Assignment:
Working from the records below, return word for word the line that contains "ATFLBOX 100PCS Bright" and each line after it, ending with the last. Skip all pictures.

------------------------

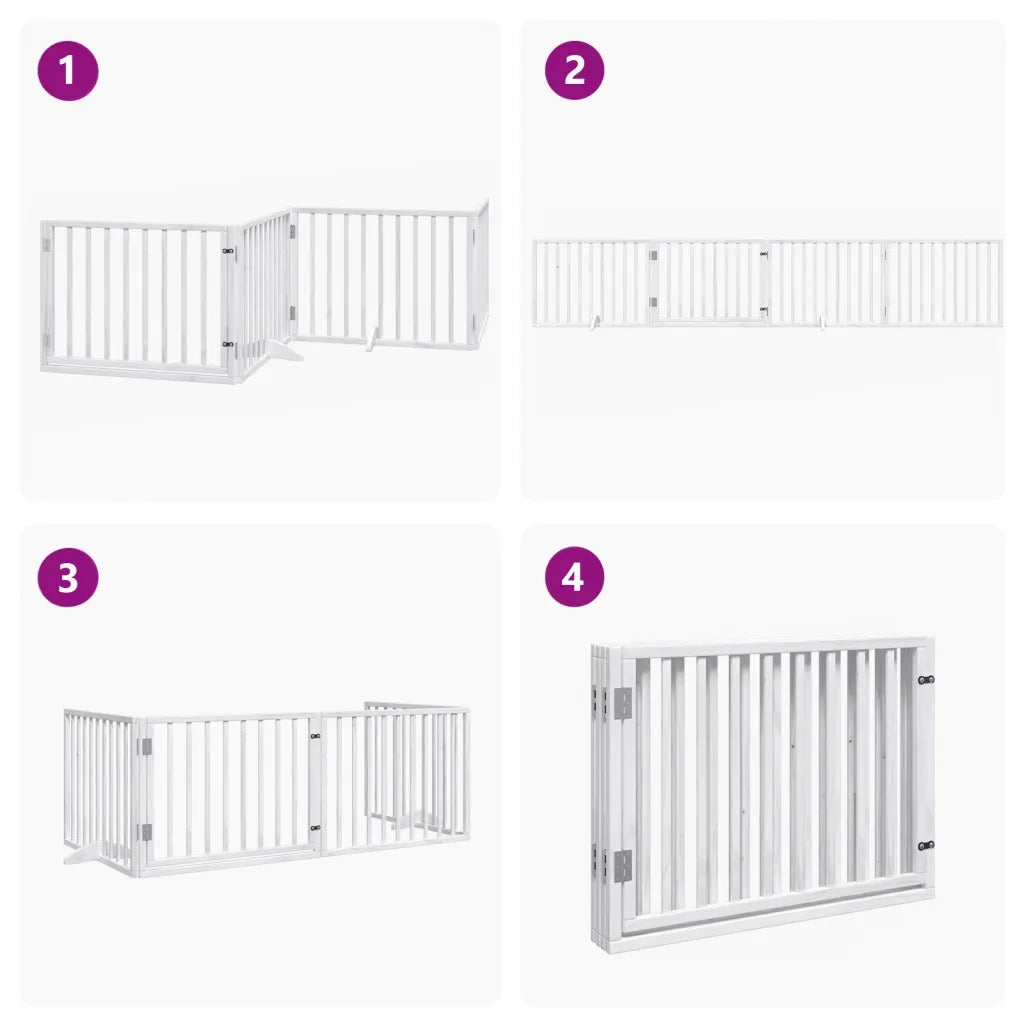 vidaXL Cancello Cani Porta Pieghevole Bianco 4 Pannelli 320 cm Pioppo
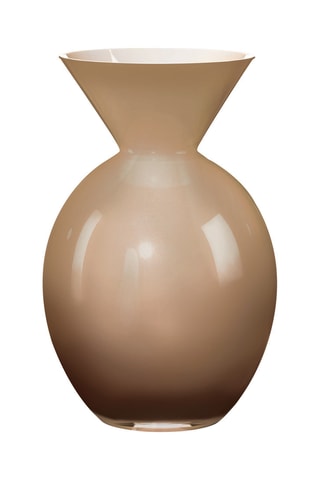 Jarrón de vidrio soplado de manera tradicional Pallotino - 20 cm - Marrón
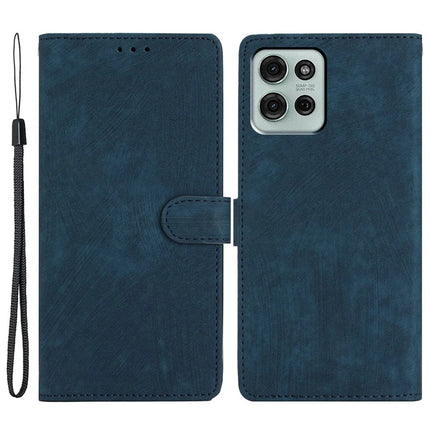 For Motorola Moto G75 5G Case with Card Clots Skin-Touch PU Leather Phone Cover Stand - Blue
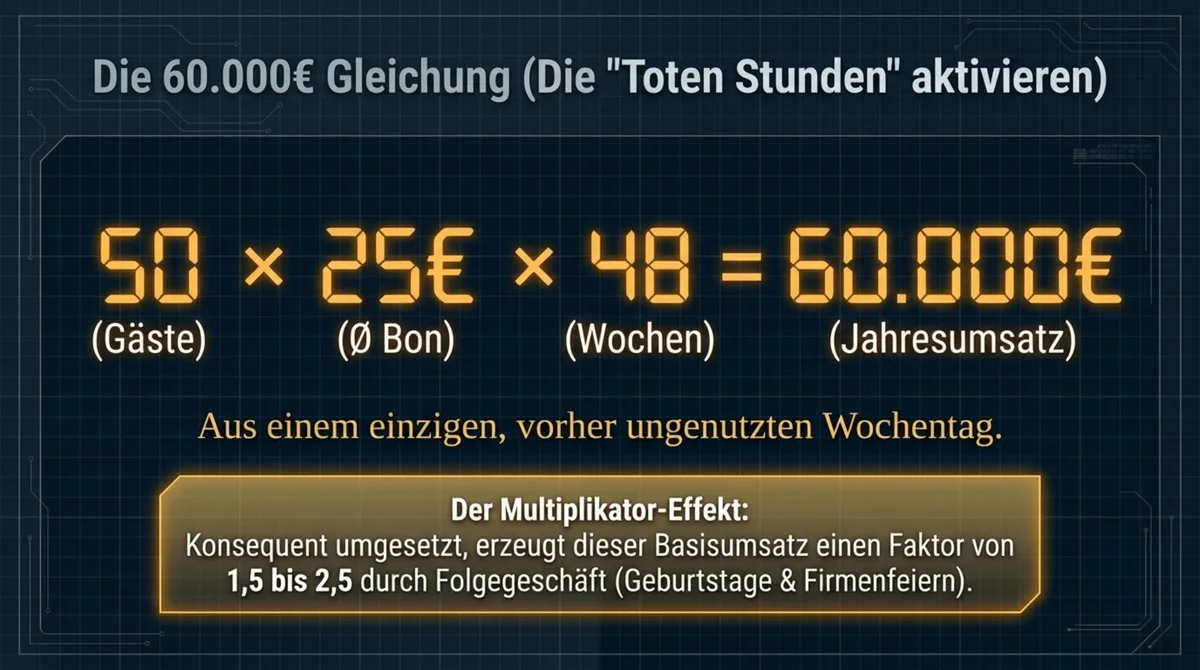 Die 60.000 Euro Gleichung: 50 Gäste mal 25 Euro Bon mal 48 Wochen — aus einem toten Wochentag wird ein Jahresumsatz-Turbo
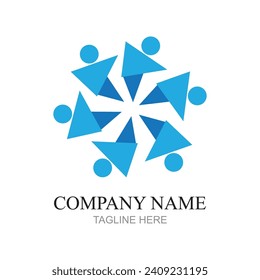 Plantilla de diseño de logotipo de personas creativas con círculo,Elemento de plantilla de diseño de logotipo de vectores planos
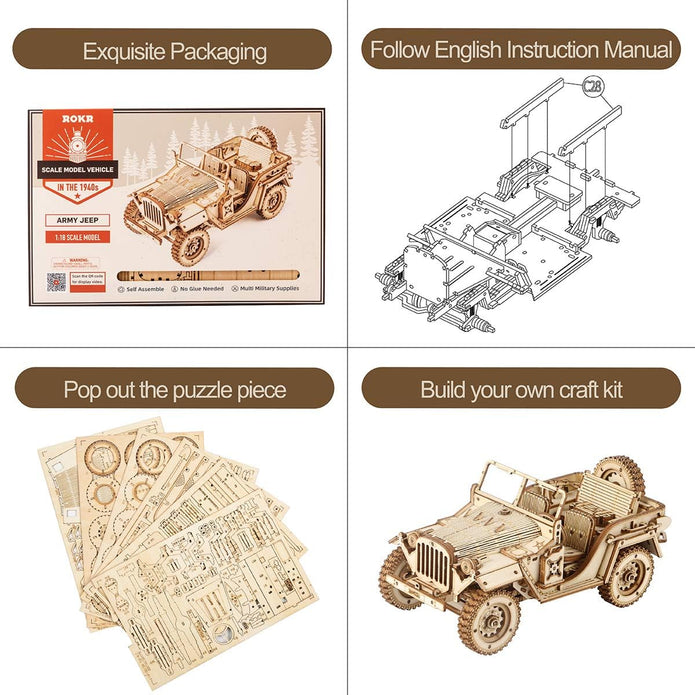 ROKR 3D Wooden Puzzle Scale Model Army Field Car Mechanical Model (MC701)
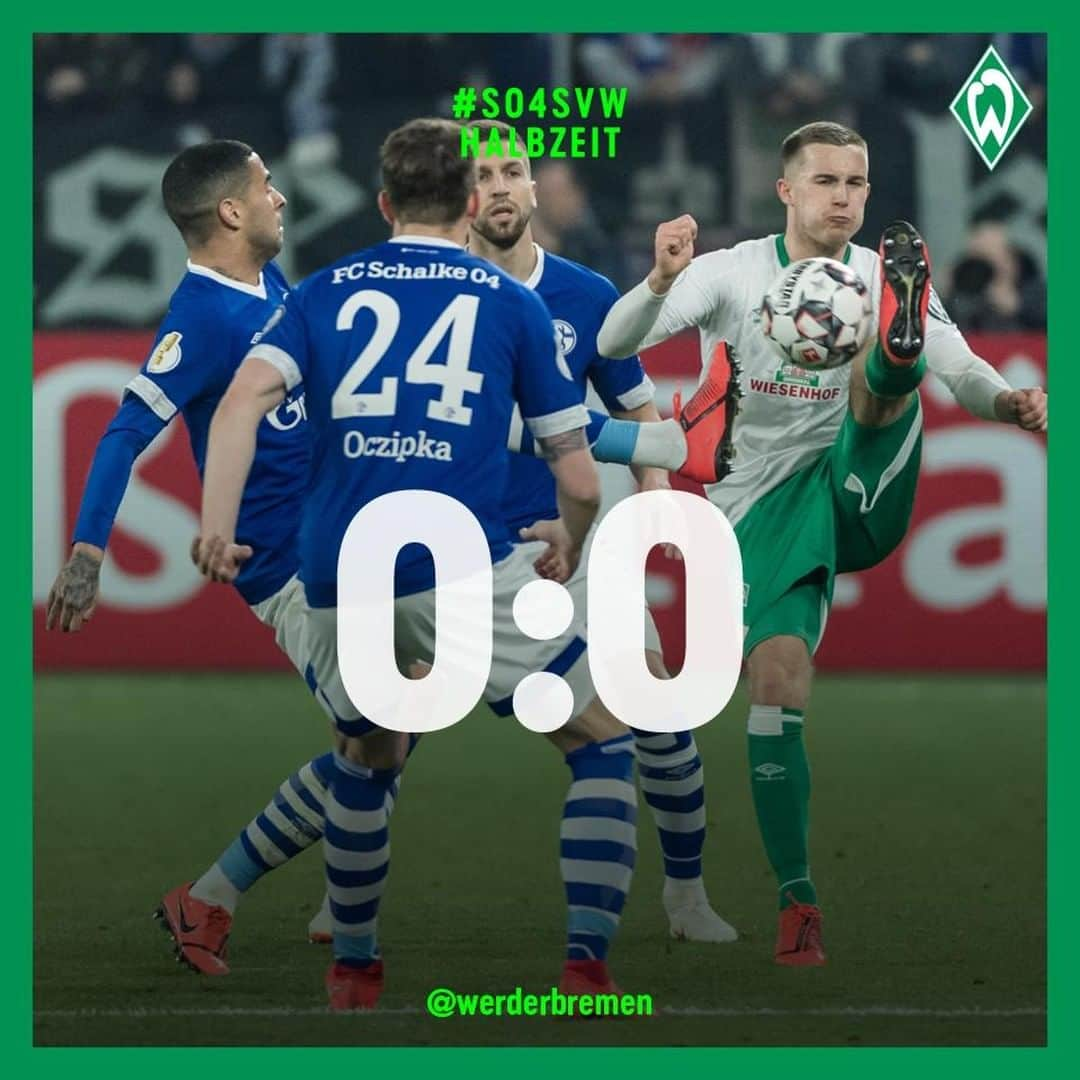 ヴェルダー・ブレーメンさんのインスタグラム写真 - (ヴェルダー・ブレーメンInstagram)「⏲️ 45' Torlos geht es in die Kabine. _______ #werder #bremen #svw #s04svw #Pokal #Viertelfinale #nordphoto」4月4日 4時31分 - werderbremen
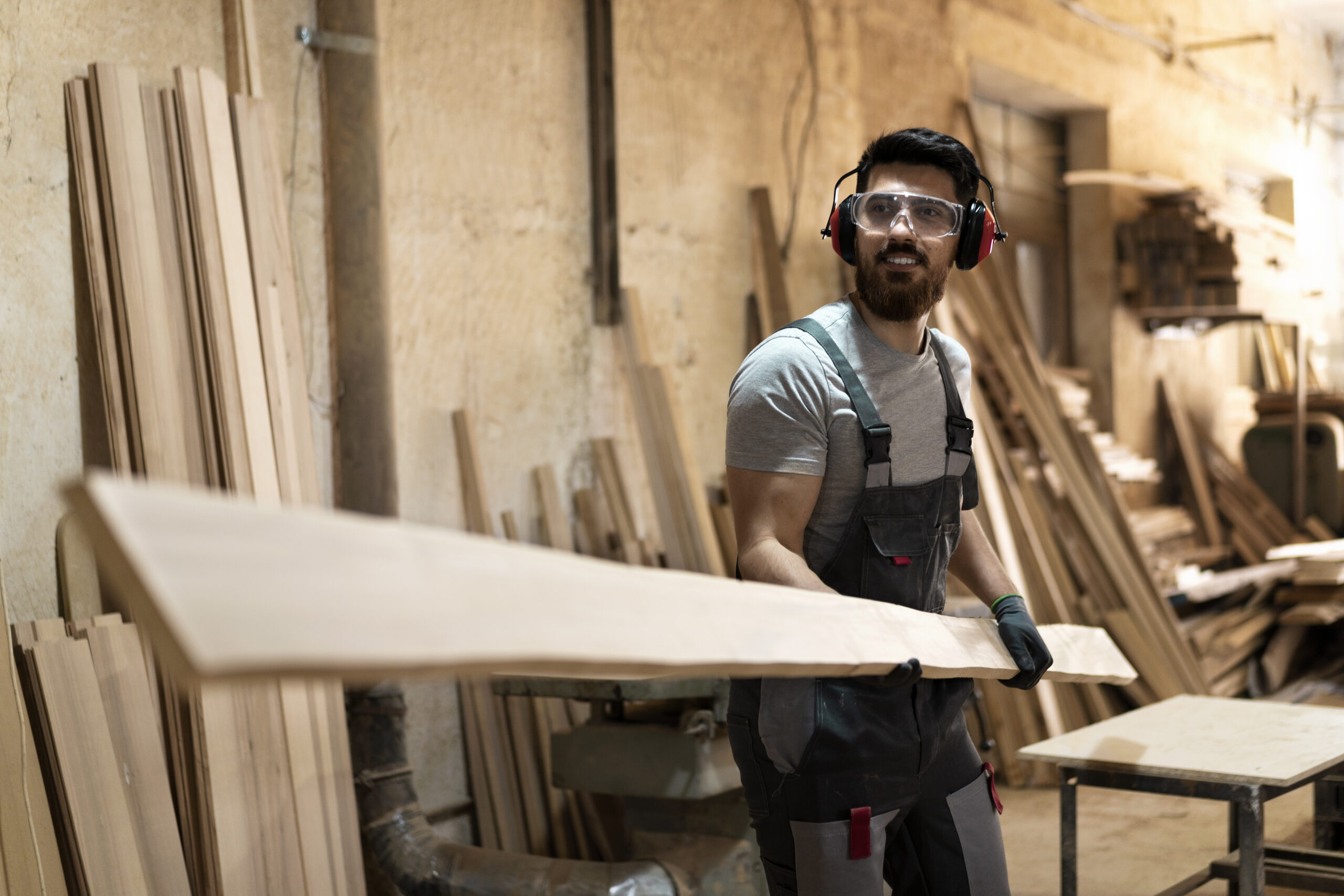 Carpentry Services carpenter cutting mdf board inside workshop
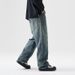 Men's Clothing High Street Retro Split Washed Blue Jeans Men's Structure Design Loose Versatile Wide Leg Scimitar Pants Autumn And Winter Style_mkmklike.com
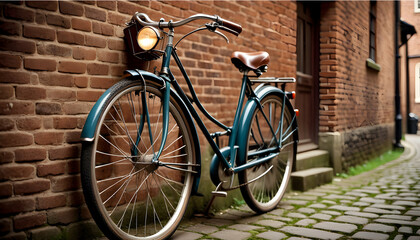 A vintage bicycle leaning against a rustic brick wall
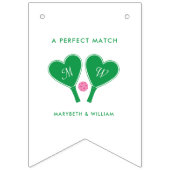 Preppy Green en Pink Wedding Pickleball Vlaggetjes (Eerste vlag)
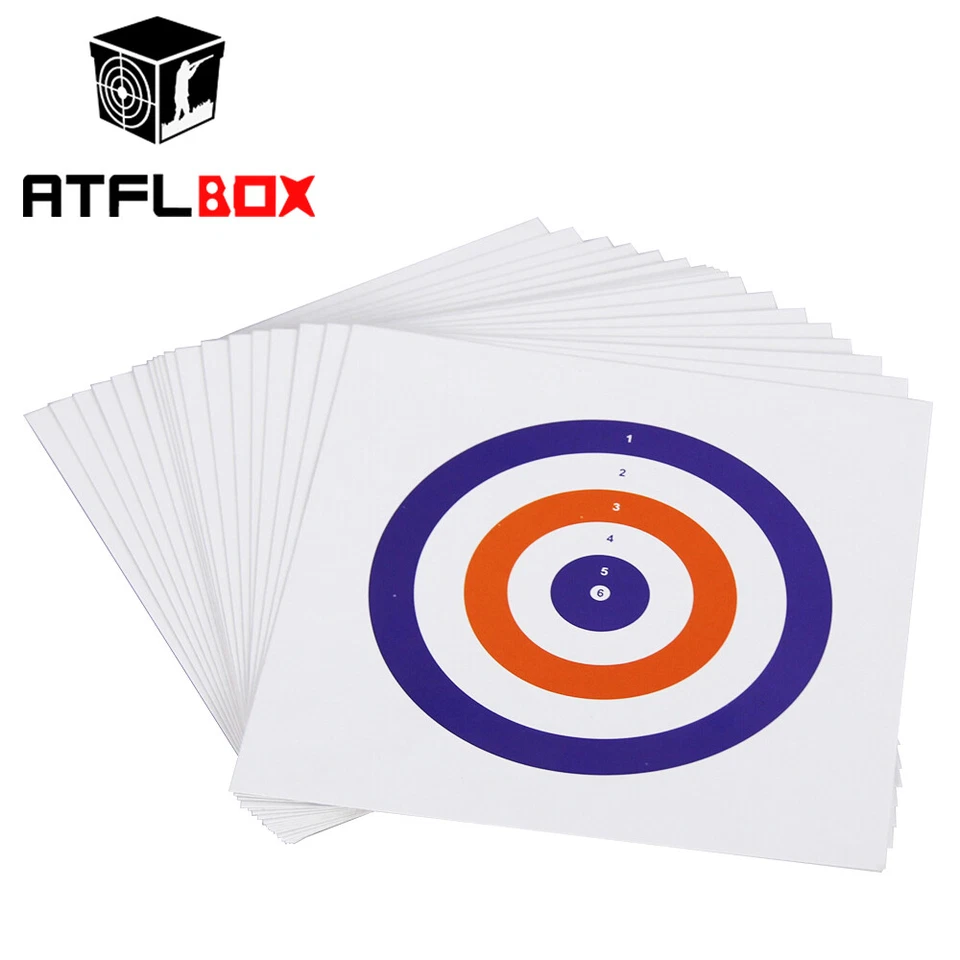 ATFLBOX 100PCS Bright Blue And Orange Paper BB gun shoot cardboard target(14x14) - Image 2 of 4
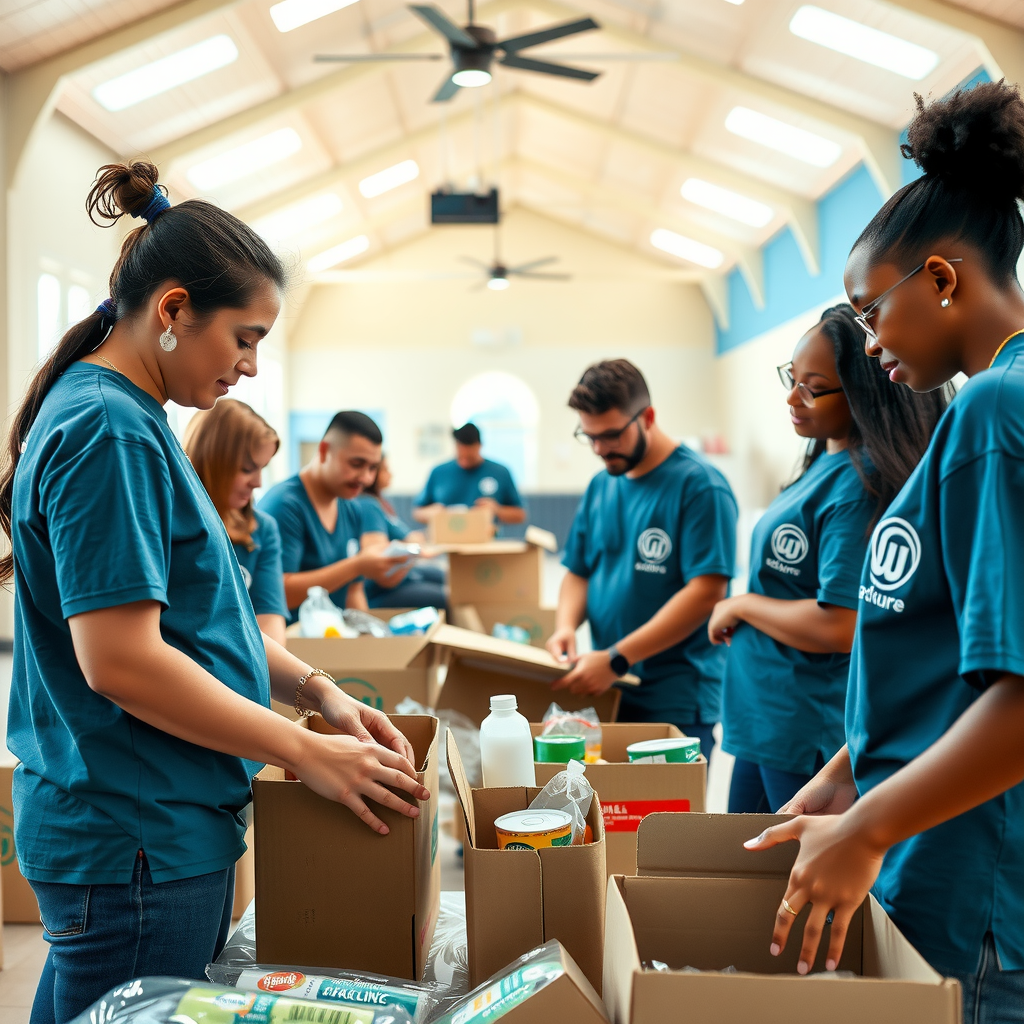 Diverse group of volunteers working together at a community service project, wearing matching t-shirts, organizing food donations and supplies in a bright community center, showing teamwork and dedication to serving their neighbors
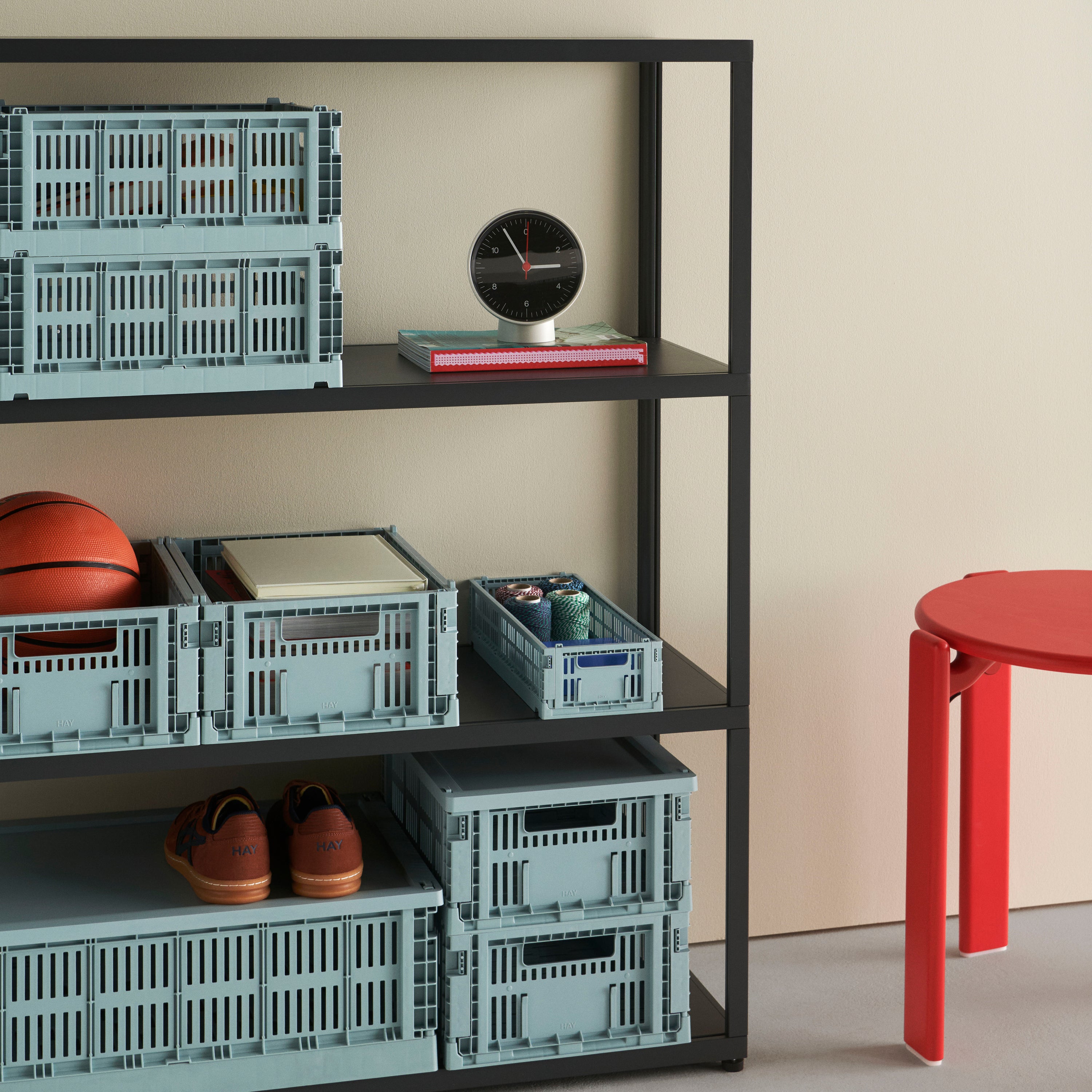 HAY Colour Crates Krat L - Rechthoekig - Dusty Blauw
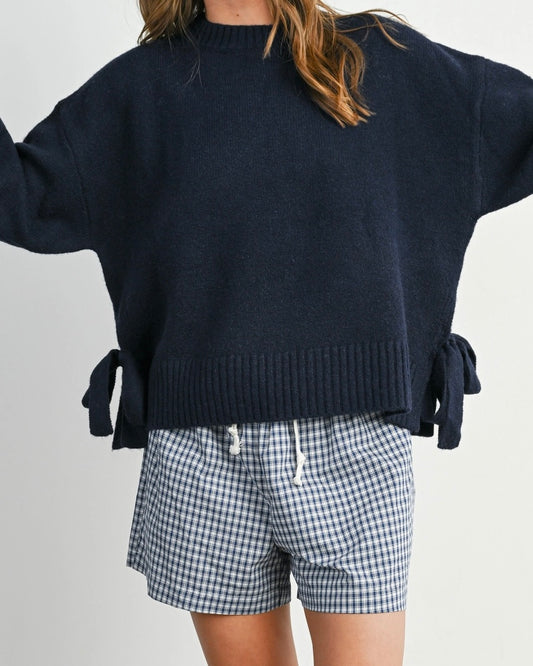 Navy Tie Split Crewneck Sweater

------------------------

Result for this exercise:
 ATFLBOX 100PCS Bright Blue And Orange Paper BB gun shoot cardboard target(14x14) - Image 2 of 4
 Diverse group of volunteers working together at a community service project, wearing matching t-shirts, organizing food donations and supplies in a bright community center, showing teamwork and dedication to serving their neighbors
 HAY Colour Crates Krat L - Rechthoekig - Dusty Blauw
 Navy Tie Split Crewneck Sweater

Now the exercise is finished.